HST3126 Nomadland: The Peoples of the Steppe, 600-1000
HST3126: Nomadland: The Peoples of the Steppe, 600-1000
40 credits (semesters 1 and 2)
Module Leader: Dr Mirela Ivanova (2024-25)
Module Summary
Nomads are the dark matter of history. Choosing neither to produce written sources, nor found cities which are the usual target of archaeology, they defy the typical means of investigation of the historian. Yet their political impact – from the Huns of Attila to the Mongols of Ghengis Khan – was vast. Fear of the nomad other, framed in terms of barbarism, is one of the defining literary themes of the settled civilisations who were their neighbours. This fear had a huge impact on settled society: the Great Wall of China was built to keep nomads out.
This course asks how we can look beyond the fearsome, caricatured image produced by sedentary authors to reconstruct the politics, mentalities, and lifestyles of these crucial agents of pre-modern history. To do so, we will focus on the varied experiences of the nomadic peoples who emerged in the aftermath of the disintegrations of the great Turkic Khaganate in the seventh century. The Khaganate stretched over the vast, flat, grasslands of the Steppe, from China to Hungary and its successors settled regions across modern day Kazakhstan, Uzbekistan, Russia, Ukraine and the Balkans. These new peoples and their cultural and political choices fundamentally transformed the region, and had a profound impact on the great empires around them, namely Byzantines, Sassanian Iranians, and the Islamic caliphate.
Throughout, we will use material culture and sources written originally in Greek, Arabic, Armenian and Slavonic (all available in modern English translation), to ask: how do we write a history of a people who chose not to write?
Assessment
Please see this page for further information about assessment.
Learning Outcomes
By the end of this module, students will be able to:
Trace the process of social and political formation in the Steppe lands between 600-1000.
Evaluate the significance of the Steppe world and its environment to neighbouring societies
Analyse primary sources, both written and material, for their contents and historical and historiographical significance
Assess the historiographical problems posed by nomadic life, and critically evaluate the conclusions of historians
Develop clear and coherent arguments in writing and orally
Respond thoughtfully and constructively to the arguments and ideas of others
Selected Reading
Methodological examples:
David Graeber, David Wengrow, The Dawn of Everything: a New History of Humanity (Allen Lane, 2021)

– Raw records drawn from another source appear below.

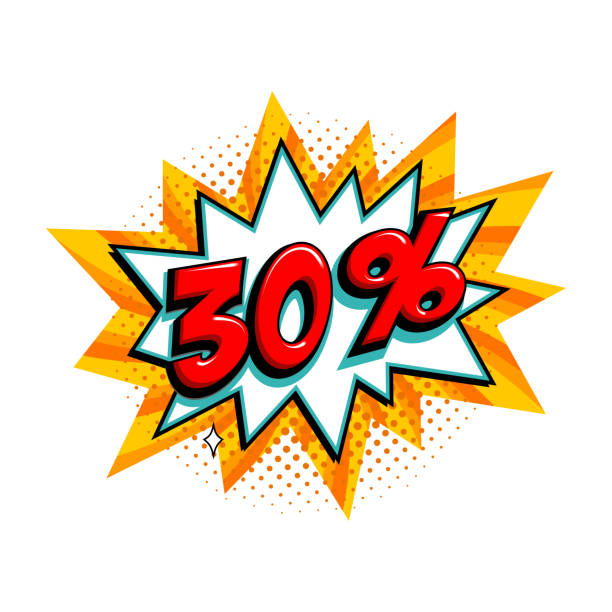 ilustrações de stock, clip art, desenhos animados e ícones de comic yellow sale bang balloon - pop art style discount promotion banner. vector illustration - bubble large percentage sign symbol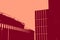 duotone graphic of city buildings in red and pink. Business city landscape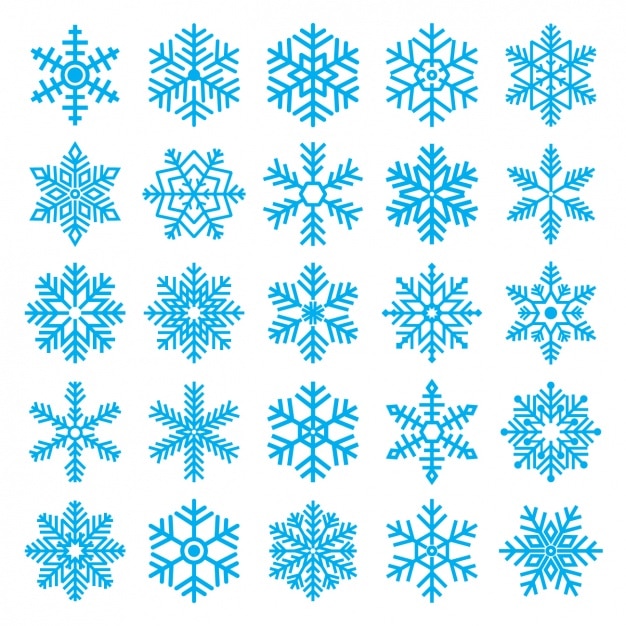 Silver Snowflakes Clip Art, Snowflake Graphics, Winter Clipart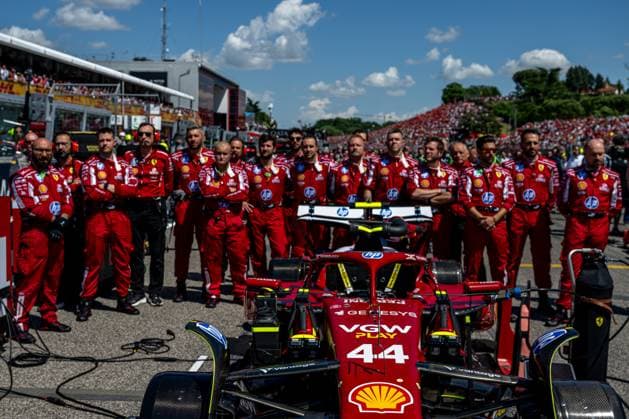 IMOLA, ITALY: Lewis Hamilton, racing for the Ferrari team during the 2025 Formula 1 Emilia Romagna Grand Prix at the Imola Circuit in Imola, Italy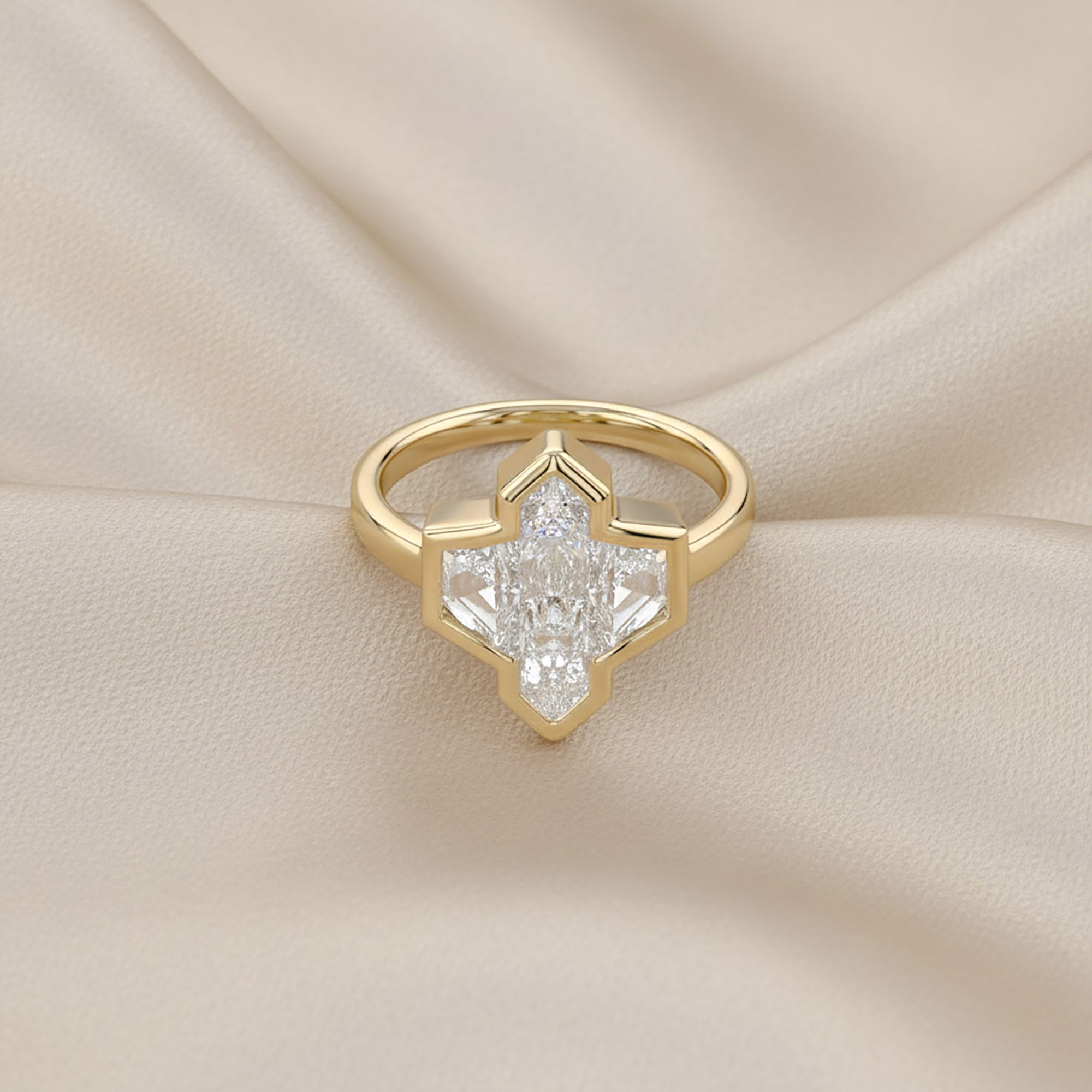 Pencil and Tapered Baguette Shape 2.06 Lab Grown Diamond Engagement Ring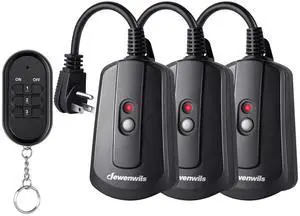 DEWENWILS Outdoor Wireless Remote Control Outlet Kit, Waterproof Electrical Plug for Indoor Outdoor Lights, Separately Controlled 3 Pack Receivers, 100 Feet RF Signal, UL Listed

James C. Scott, The Art of Not Being Governed An Anarchist History of Upland Southest Asia (Yale, 2009)
David Sneath, The Headless State: Aristocratic Orders, Kinship Society, & Misrepresentations of Nomadic Inner Asia (Colombia, 2008)
Case study examples:
Nicola Di Cosmo, Allen J. Frank and Peter B. Golden eds., The Cambridge History of Inner Asia: The Chinggisid Age, (Cambridge, 2009)
Peter Golden, Central Asia in World History (Oxford, 2011)
Mykola Melnyk, Byzantium and the Pechenegs: The Historiography of the Problem (Leiden, 2022)
Boris Zhivkov, Khazaria in the Ninth and Tenth Centuries (Leiden, 2015).